# Information supplied
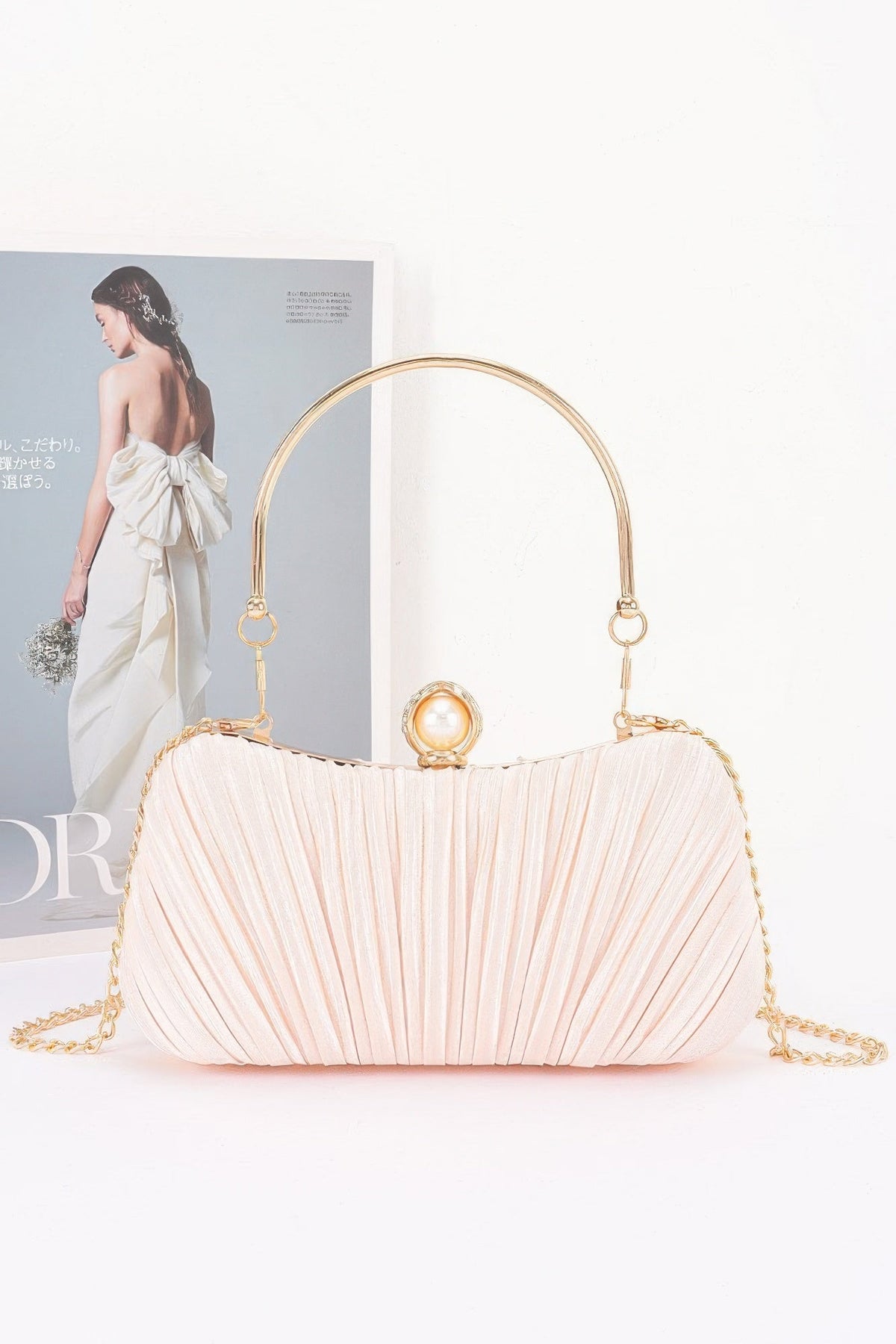 Elana Elegant Vertical Folds Clutch - Robbi & Angel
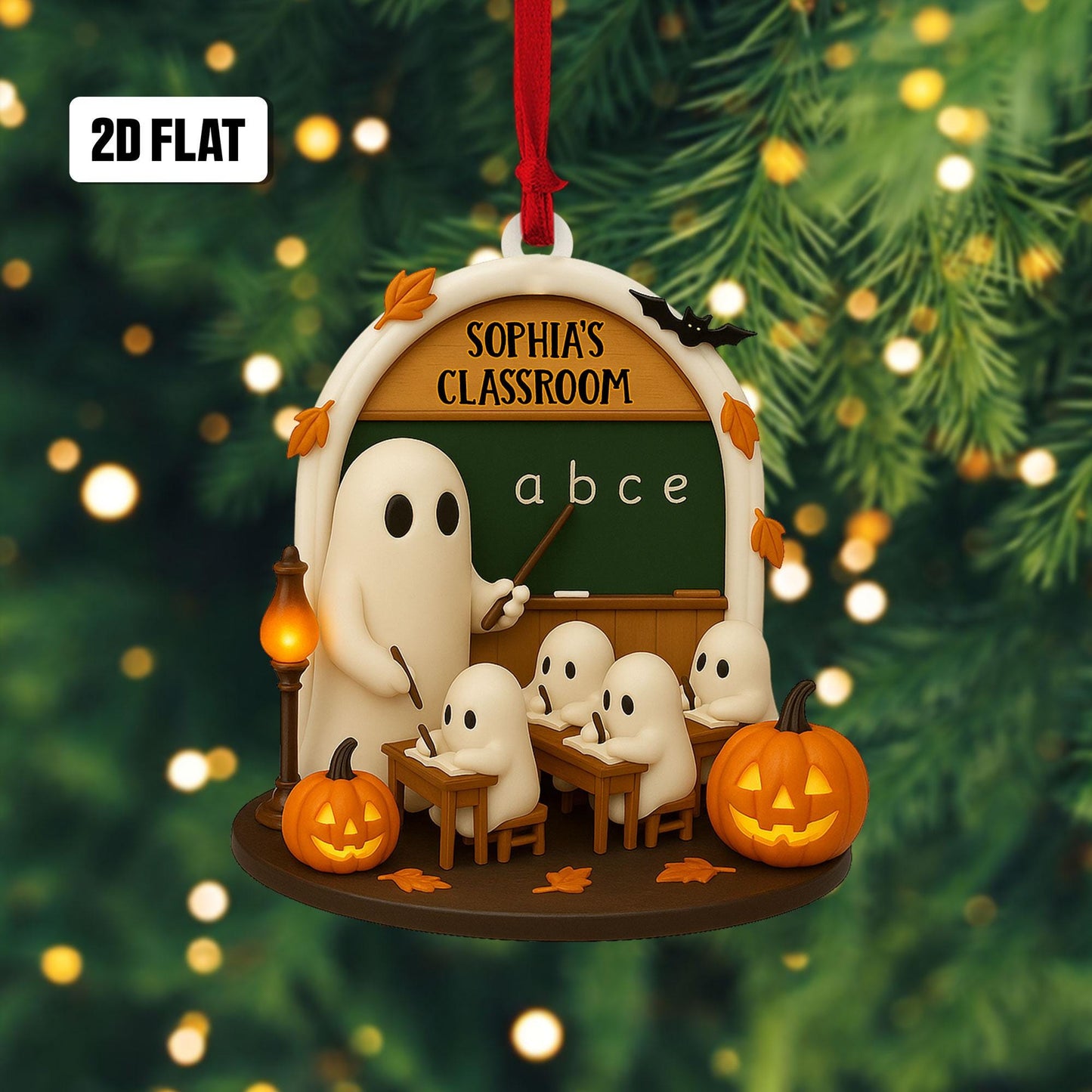 Personalized Dreamy Teacher's Classroom 2D Flat Acrylic Ornament, Trick or Treat Ornament, Custom Classroom, Halloween Window Hangings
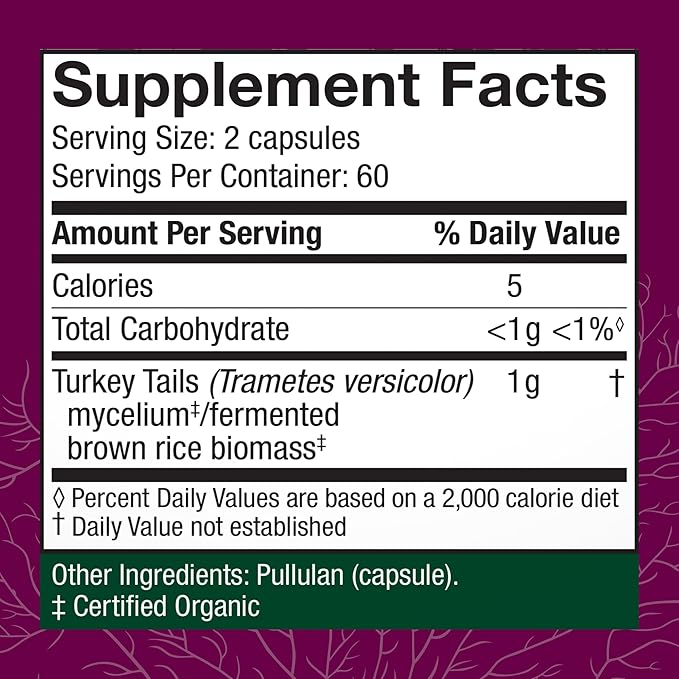 Host Defense Turkey Tail Capsules - Digestive Health & Immune Response Support Supplement - Mushroom Supplement for Gastrointestinal & Gut Microbiome Support - 120 Capsules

# The problem
Once the line containing "Personalized Dreamy Teacher's" is found, transcribe it and the rest of the lines to the end of the listing above exactly, omitting all pictures.

# Written reply
 Personalized Dreamy Teacher's Classroom 2D Flat Acrylic Ornament, Trick or Treat Ornament, Custom Classroom, Halloween Window Hangings
 Host Defense Turkey Tail Capsules - Digestive Health & Immune Response Support Supplement - Mushroom Supplement for Gastrointestinal & Gut Microbiome Support - 120 Capsules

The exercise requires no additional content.